Valoroso e caro monarquista:

Concluída a apuração do recente plebiscito, cedo ao imperativo de meu reconhecimento e de meu afeto por quantos brasileiros votaram a favor da Restauração Monárquica, exprimindo-lhes, num contato pessoal e direto, as reflexões que me vão na alma, na atual conjuntura brasileira. É o que passo a fazer:

1) A mídia ressaltou, sobretudo, a vitória numérica do regime republicano sobre o monárquico. Para isso, ela procurou simplesmente pôr em evidência o contraste entre os números: 44.226.433 votos republicanos contra 6.843.159 votos monárquicos. E esperou, com isto, criar no espírito público a impressão de que a vitória republicana fizera algo de absoluto, de incontestável, talvez mesmo de definitivo.

Mas a mídia errou. Pois ela não contou com a sutileza de análise inerente ao espírito brasileiro, que não se contenta com a linguagem simples (que a nós brasileiros parece mais bem simplória) dos números. E sabe de nascença que o verdadeiro sentido dos fatos se encontra muito mais na riqueza de seus matizes do que no aspecto elementar e insuficientemente expressivo de suas linhas gerias.

É o que se nota no caso presente. Com efeito, a autenticidade das vitórias populares se faz ver, sobretudo, na explosão das grandes alegrias que iluminam e sacodem de entusiasmo as massas vencedoras.

Importa, pois, perguntar que grandes alegrias iluminaram e fizeram vibrar de entusiasmo a maioria republicana, quando da divulgação oficial dos resultados plebiscitários. Em outros termos, alguém jamais viu uma vitória “esmagadora” tão cinzenta e tão sonolenta quando a do republicanismo “triunfante” no dia 21 de abril?

E poderia ser de outra maneira?

A República continua hoje exatamente como começou.

Aristides Lobo, Ministro do Interior do Governo Provisório imposto pelas armas a 15 de novembro de 1889, comentou sobre a implantação da República “que o povo assistiu àquilo bestializado, atônito, surpreso, sem conhecer o que significava”. Transcorridos 104 anos de governo republicano, eis o republicanismo que contempla no mesmo estado de espírito essa sua segunda “vitória”.

E poderia ser de outra maneira?

Em 1889, nossa Pátria contemplou, atônita, o chocho das esperanças que iludiam os promotores do “pronunciamento” de Deodoro, Benjamin Constant e outros. Transcorrido um século, ela contempla o fracasso espantoso dessas ilusões.

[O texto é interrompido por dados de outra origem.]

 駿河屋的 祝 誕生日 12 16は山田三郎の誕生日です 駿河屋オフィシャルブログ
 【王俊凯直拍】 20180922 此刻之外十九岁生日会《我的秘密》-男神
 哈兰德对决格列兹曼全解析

Ordeiro, pacto e até afetivo como é, o brasileiro médio não se enfurece, não se indigna e muito menos se revolta.

Porém enganar-se-iam redondamente os que imaginassem que ele não o percebe. E que não guarda no fundo de seu coração o propósito de, dentro da lei e da ordem, trabalhar para pôr categoricamente cobro à situação calamitosa que todos, sem exceção, monarquistas ou republicanos, parlamentaristas como presidencialistas, queremos que cesse.

2) Mas – objetará alguém – por que não foi maior o número dos eleitores que se manifestaram esperançosos em ver na Monarquia o caminho para que o País saia do presente abismo de calamidades nacionais e de desprestígio internacional?

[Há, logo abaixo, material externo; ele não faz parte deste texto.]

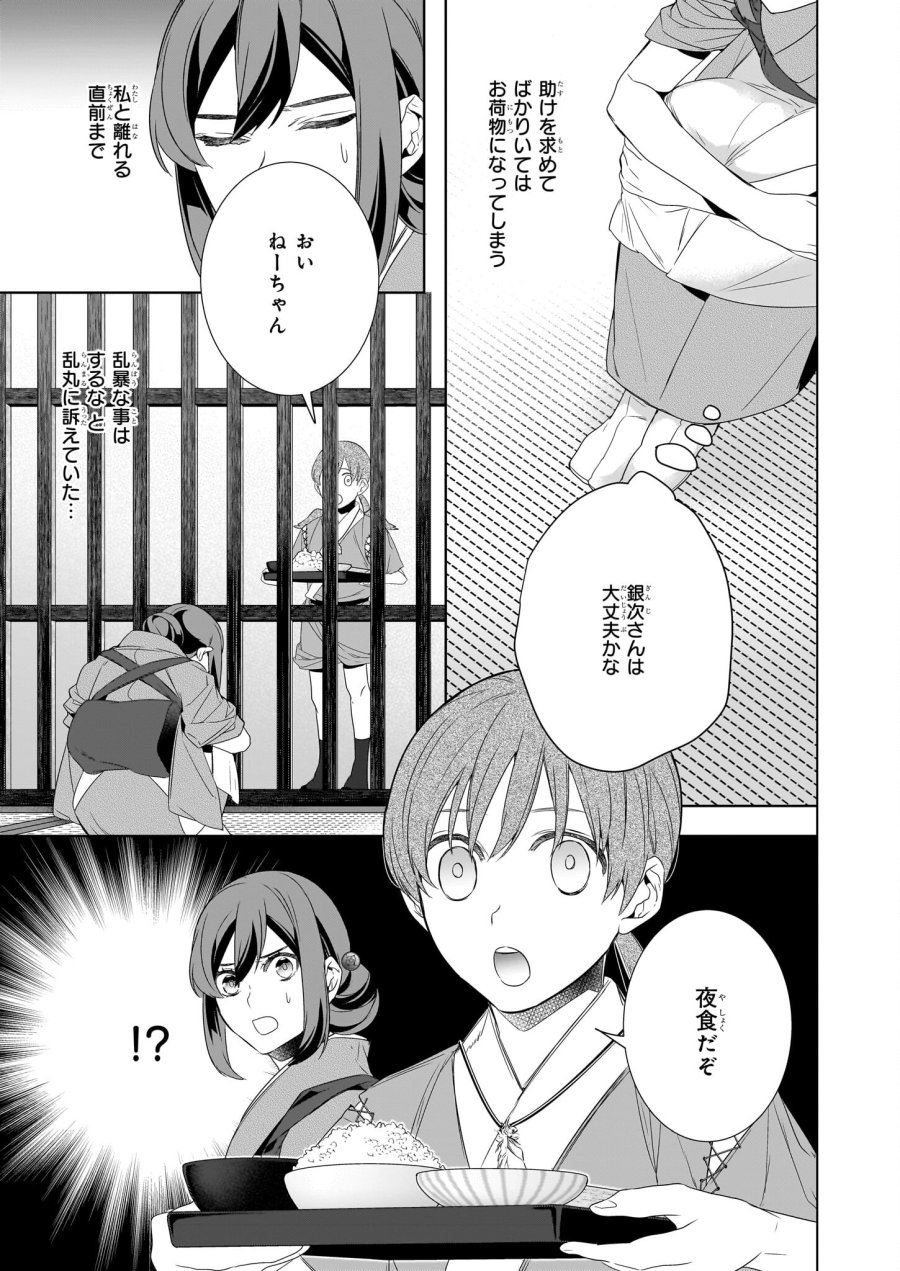 かくりよの宿飯 あやかしお宿に嫁入りします。(冬葉つがる) 第57話 - Page 9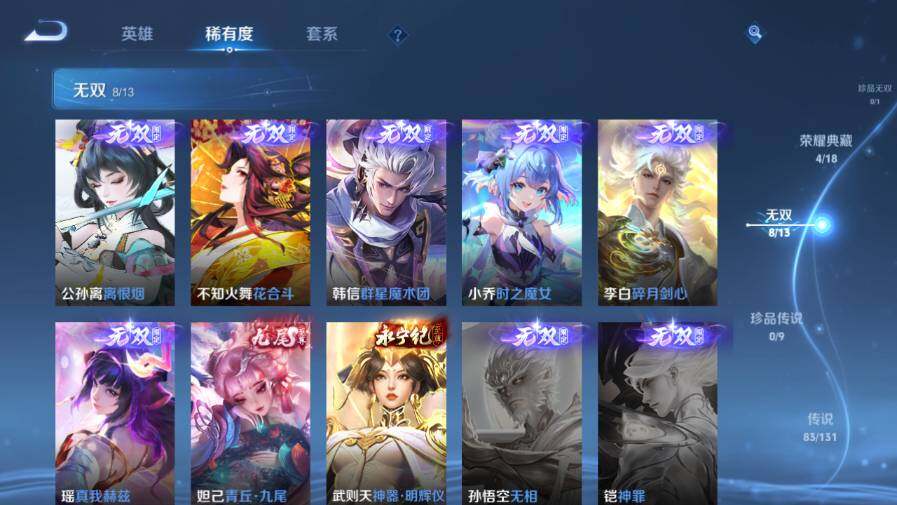 WZ03430437王者荣耀账号详情图19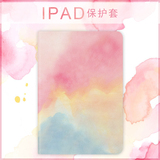 苹果ipad air2保护套迷你mini2/3/4平板电脑壳pro 9.7套简约水彩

Nós, monarquistas, não temos motivo para nos esquivarmos de responder a esta questão, que a alguns poderia parecer embaraçosa. O ideal monárquico, a República o manteve ditatorialmente sepultado 99 anos, sob a lousa funerária da tristemente famosa “cláusula pétrea”, a qual proibiu, durante esse tempo, qualquer propaganda monarquista.

Isto fê-lo – diga-se de passagem – com um desembaraço caracteristicamente “sans-culotte”, a mesma corrente republicana que, durante a vigência da Monarquia, se beneficiara de uma liberdade completa, para fazer sua propaganda antimonárquica.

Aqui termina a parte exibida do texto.